**WHAT TO PRODUCE:** Everything from the line holding "Imagem CASA RESIDENCIAL" through the last line of the data, and nothing else, should be retyped exactly, with no pictures.

**COLLECTED DATA:**
####

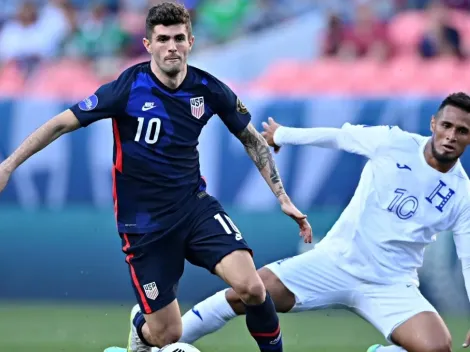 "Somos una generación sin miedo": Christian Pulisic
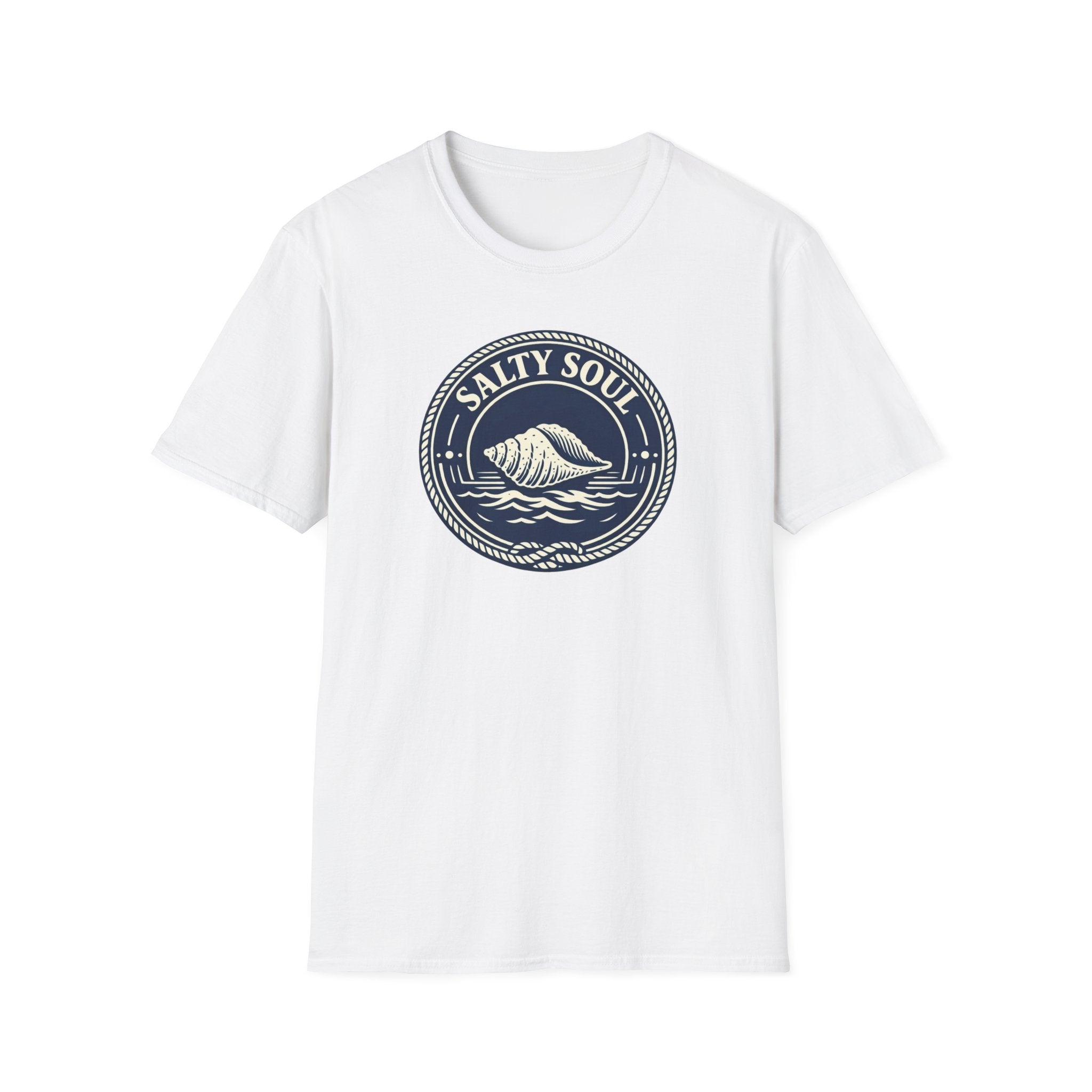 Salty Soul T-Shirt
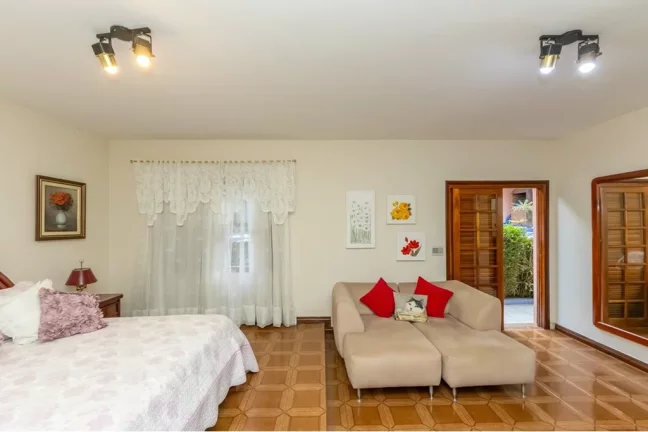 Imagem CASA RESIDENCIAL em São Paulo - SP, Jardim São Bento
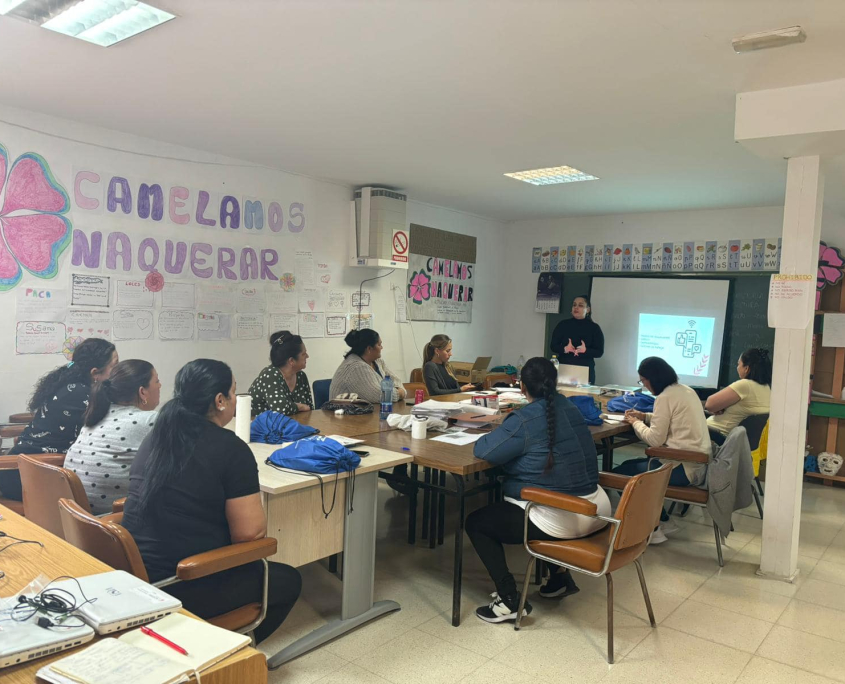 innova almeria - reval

####

**OUTPUT BELOW:**
 Imagem CASA RESIDENCIAL em São Paulo - SP, Jardim São Bento
 innova almeria - reval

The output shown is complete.